WHAT TO PRODUCE
What is needed is an exact copy of every line from the one with "Mother's Day Gift" to the end of the entries below, without the pictures.

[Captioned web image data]
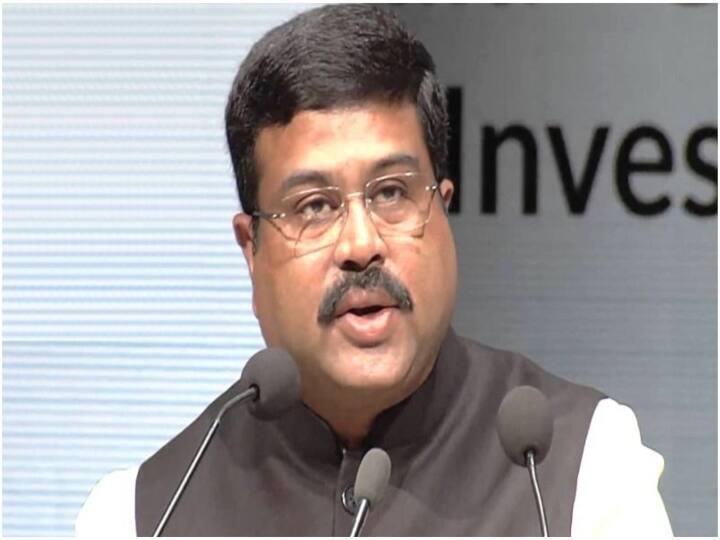 dharmendra pradhan attack on opposition champions of freedom of expression become big threat Arvind Kejriwal Sharad Pawar Dharmendra Pradhan on Opposition: धर्मेंद्र प्रधान का विपक्ष पर हमला, सीएम केजरीवाल और शरद पवार को लेकर कही ये बड़ी बात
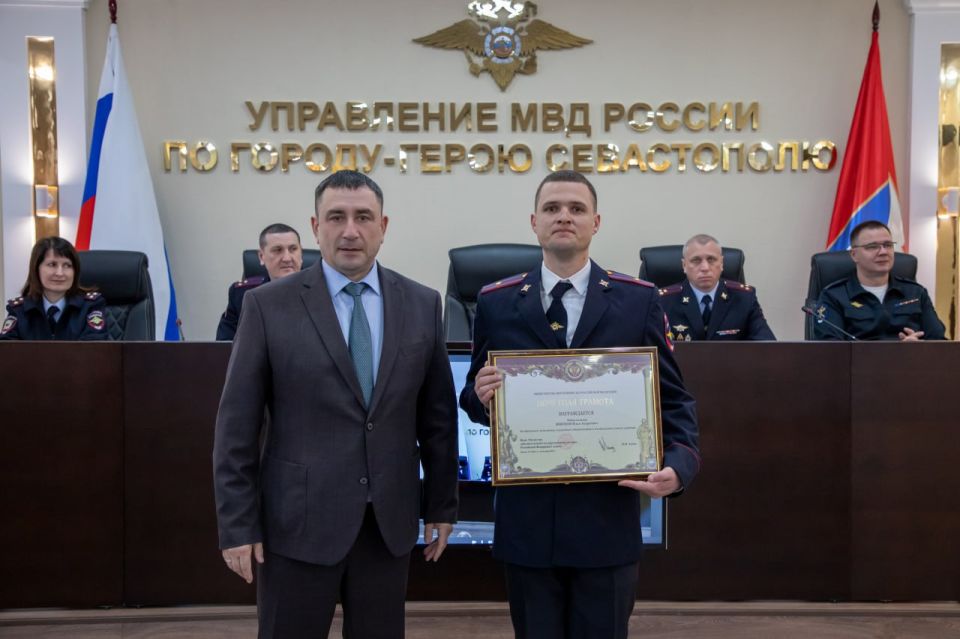 Начальник УМВД России по г.Севастополю генерал-майор полиции Сергей Сигунов поздравил сотрудников отдела экономической безопасности и противодействия коррупции с профессиональным праздником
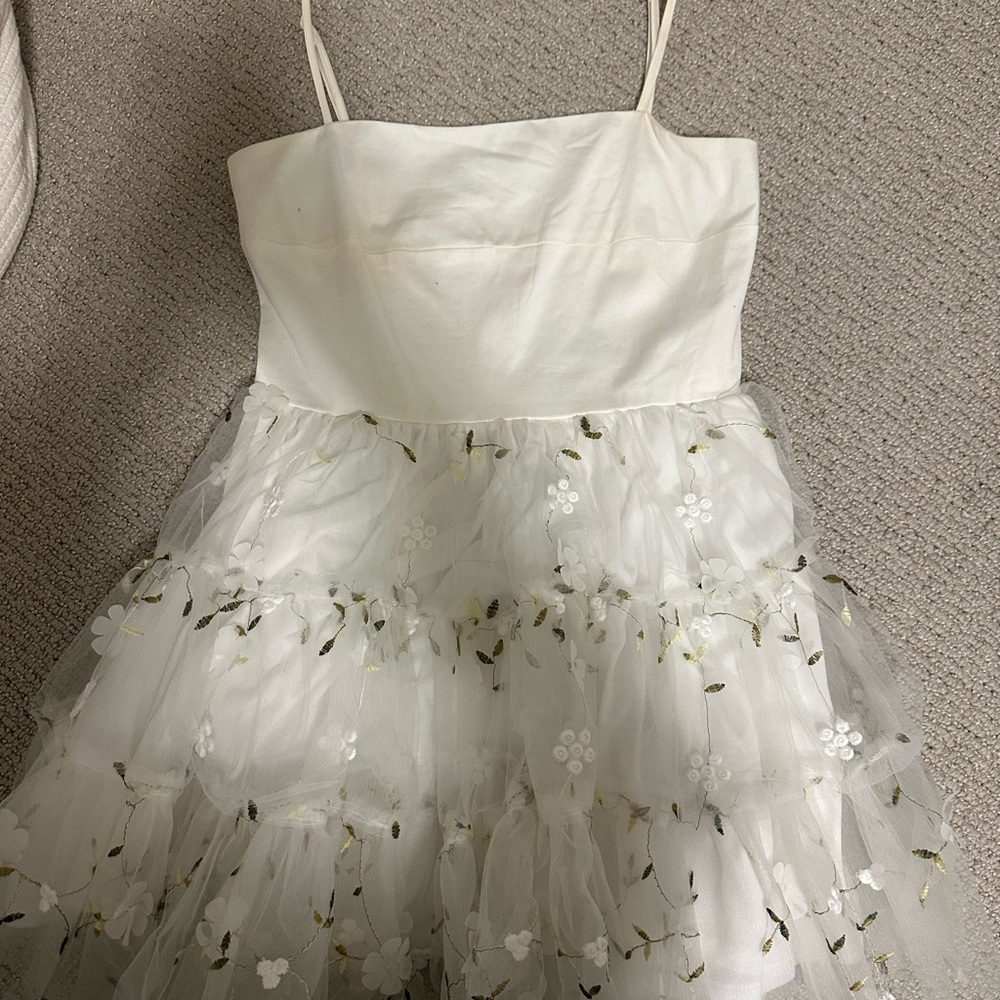 Elegant White Floral Mini Dress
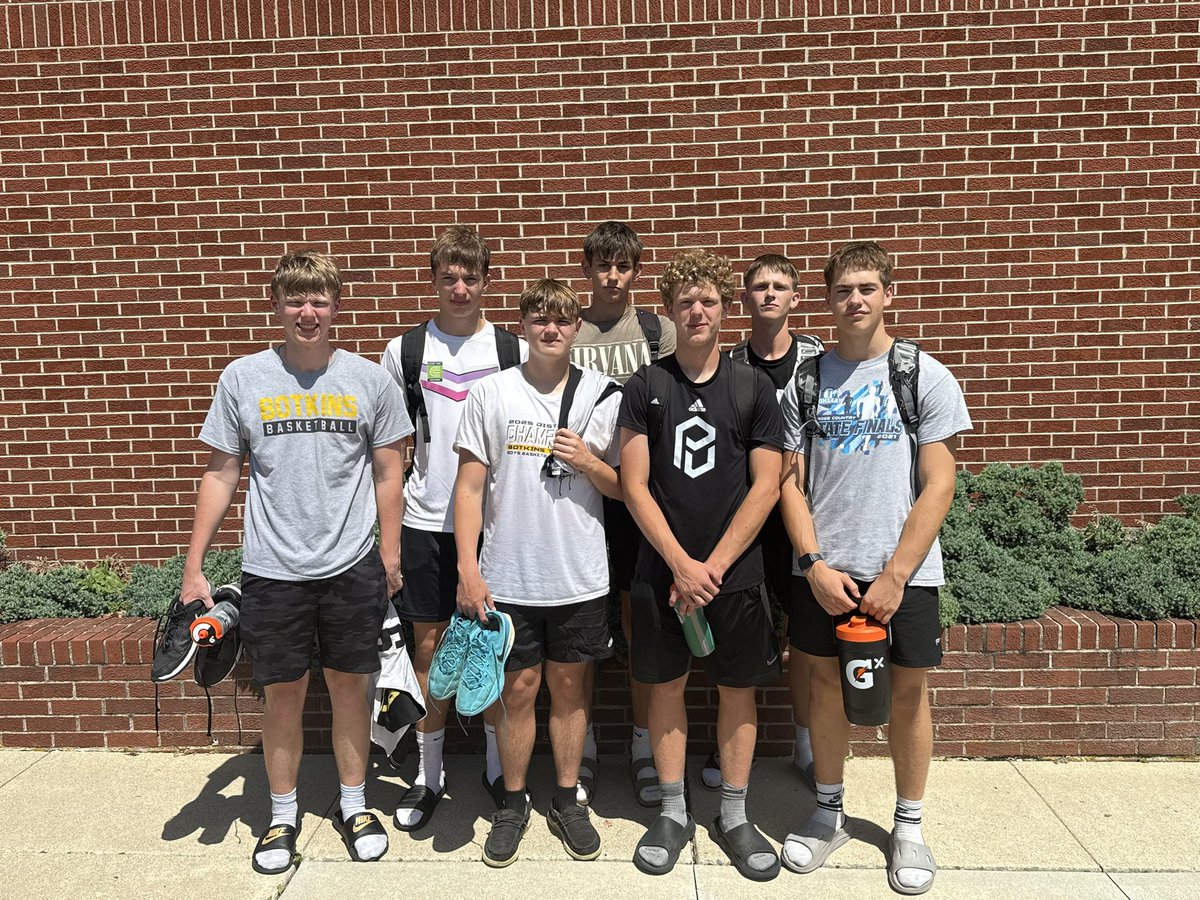 Congrats to these guys and Treg Meyer (not pictured) for going 4-0 and winning the Gold Bracket at the St. Henry Varsity Shootout today with wins vs. Coldwater, St. Henry, Jackson Center, and Marion Local.  #GRIT 🏀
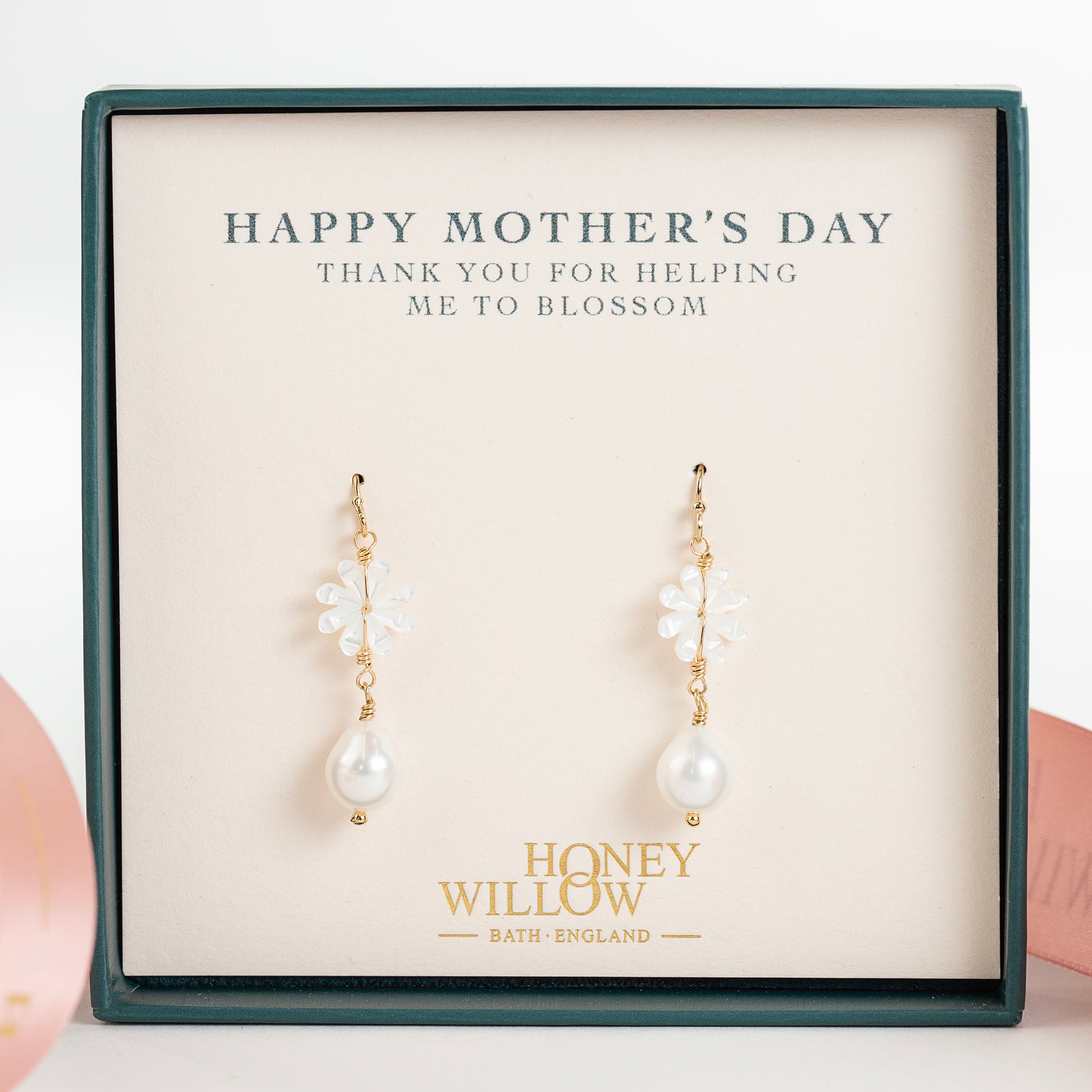 Mother's Day Gift Mother of Pearl Flower Earrings Silver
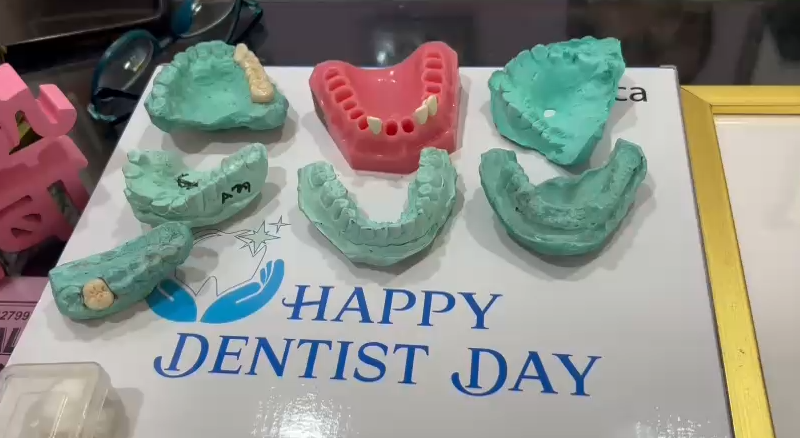 इटावा में राष्ट्रीय दंत चिकित्सक(Dentist) दिवस पर डॉ. मोनिका दुबे ने साझा की दांतों की देखभाल संबंधी महत्वपूर्ण जानकारी।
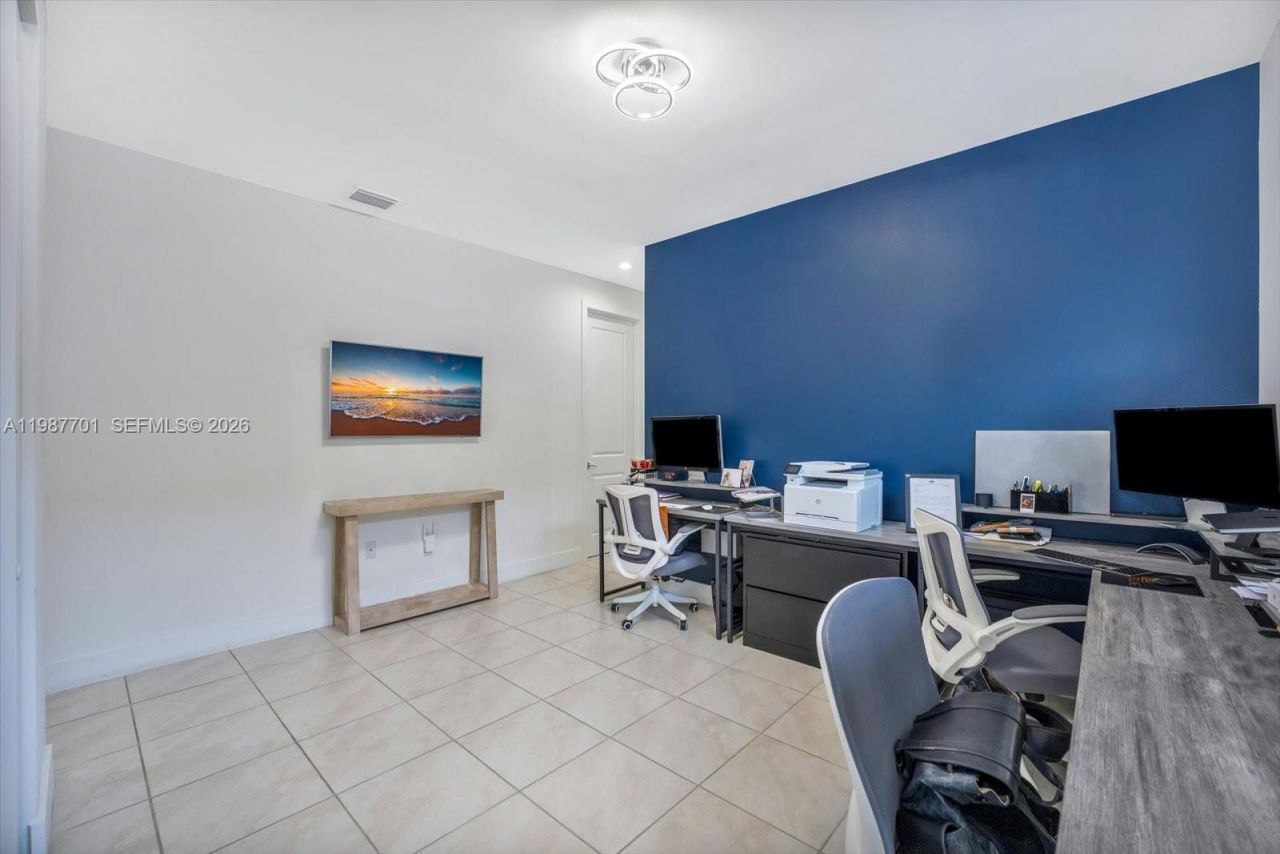 4346 NW 81st Ave , Doral, FL 33166 Photo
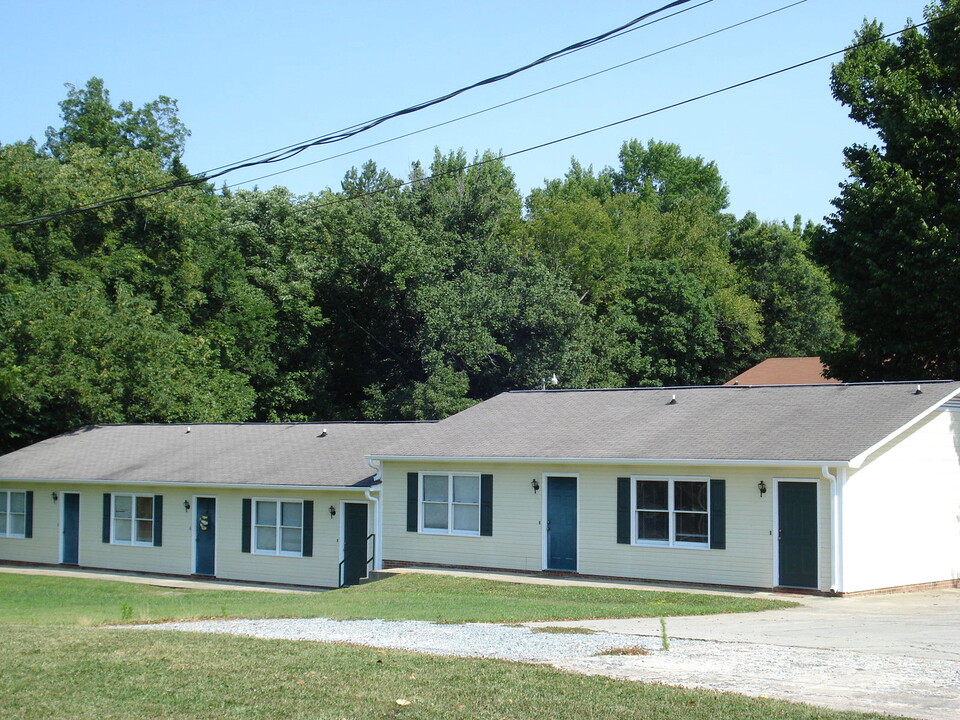 123 Pearl Cir in Wingate, NC - Foto de edificio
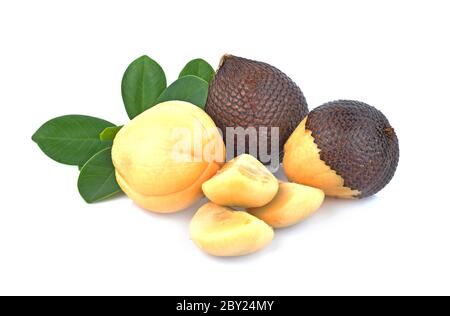 Fruit serpent,Salacca (zakacca,Salak Indo) avec des feuilles vertes isolé sur fond blanc Banque D'Images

OUTPUT OF THE EXERCISE
 Mother's Day Gift Mother of Pearl Flower Earrings Silver
 इटावा में राष्ट्रीय दंत चिकित्सक(Dentist) दिवस पर डॉ. मोनिका दुबे ने साझा की दांतों की देखभाल संबंधी महत्वपूर्ण जानकारी।
 4346 NW 81st Ave , Doral, FL 33166 Photo
 123 Pearl Cir in Wingate, NC - Foto de edificio
 Fruit serpent,Salacca (zakacca,Salak Indo) avec des feuilles vertes isolé sur fond blanc Banque D'Images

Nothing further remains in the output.